• sherrydewalt

Strawberry Sampler

When strawberries are in season make sure to get your fill. Here are several ways to enjoy them whether they are perfectly fresh, not so perfect, or frozen.


Here are the recipes:


Roasted Strawberries

  • 1 lb. strawberries

  • 2 Tablespoons maple syrup

  • 1 teaspoon vanilla


Preheat oven to 350 degrees and line a baking sheet with parchment paper. Wash and dry strawberries and remove their stems. Cut berries into large chunks, keeping pieces approximately the same size. Small berries may be left whole.


Add maple syrup and vanilla to bottom of a bowl and whisk to combine. Add the strawberries to the bowl and stir them gently to coat them with the syrup mixture. Spread the berries on the parchment paper in a single layer. Give them some space. Roast them for about 30 minutes. Remove from oven, give them a stir and return to oven for 10-15 minutes.

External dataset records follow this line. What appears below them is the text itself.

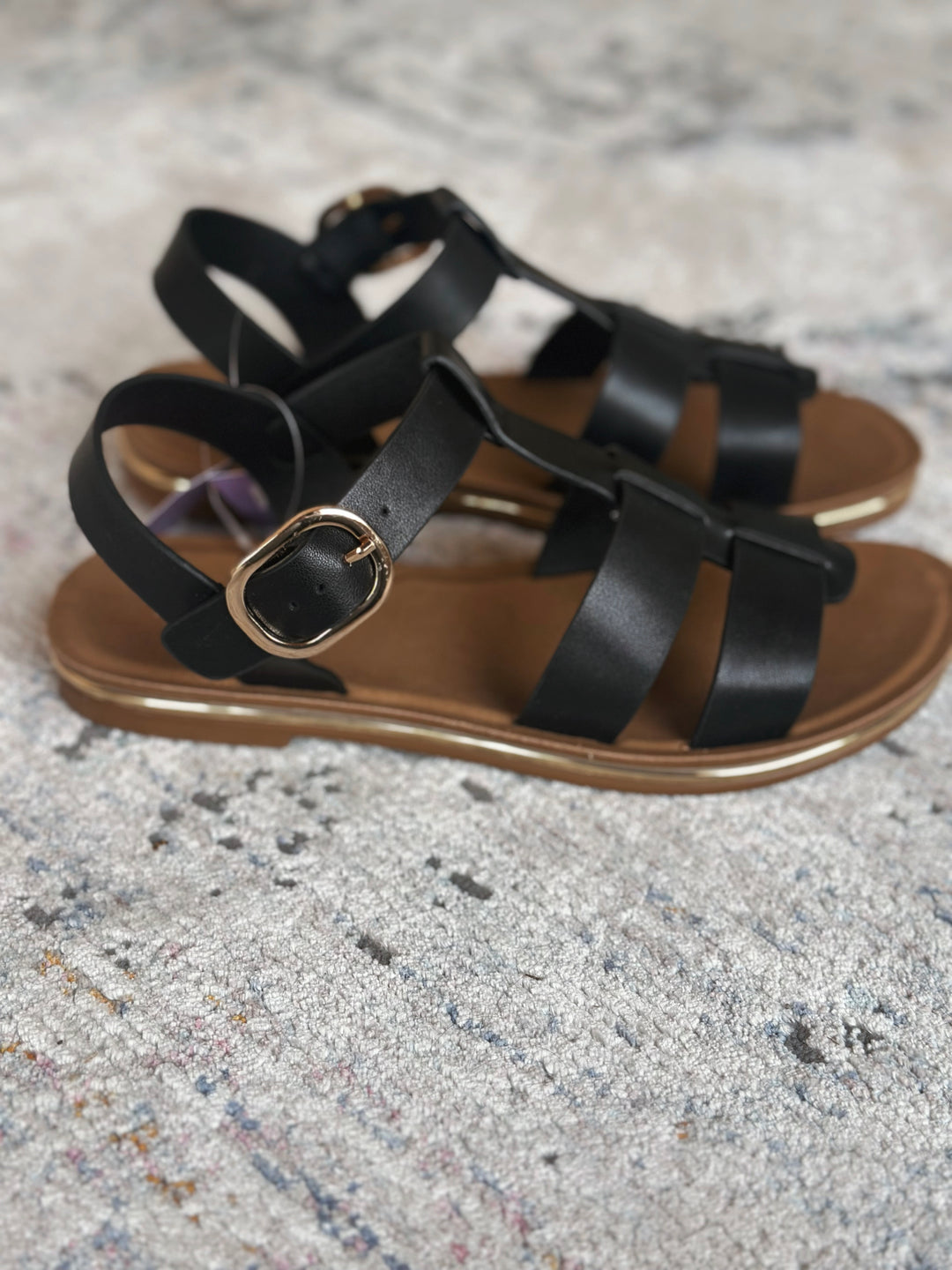 Black strappy sandals on a textured gray surface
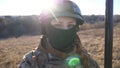 Close up blue eyes of female ukrainian army soldier looking into camera. Sight of young military woman in helmet and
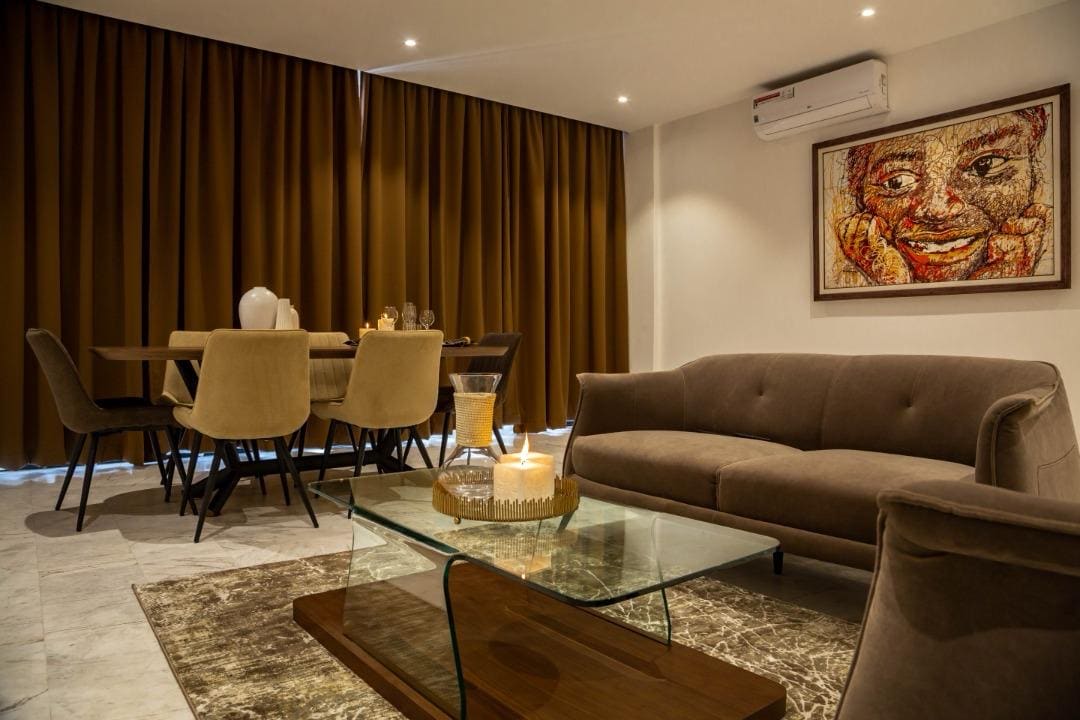 A modern living area is presented, featuring a plush sofa and a glass coffee table atop a soft rug. An elegant dining table is set for four, surrounded by comfortable chairs. Warm lighting and rich brown curtains create a cozy ambiance.
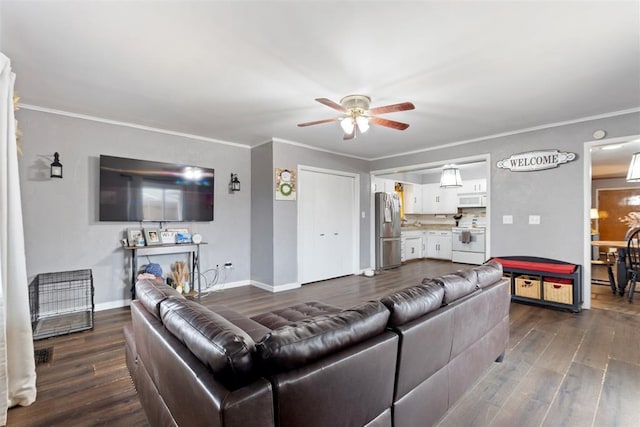 living room with dark wood-type flooring, ceiling fan, and crown molding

Use warm as a topping for strawberry shortcake, pancakes, or waffles or refrigerate and stir into yogurt, etc.


Strawberry Vinaigrette


1 heaping cup fresh or frozen strawberries

1/4 cup water

1/4 cup balsamic vinegar

1/4 cup olive oil

1/2 teaspoon garlic powder

Dash or two of salt

Pinch of black pepper


Add all ingredients to a blender and blend until smooth.

Nutrition info per serving (3 Tablespoons): 73 calories, 3g carbohydrate, 7g fat.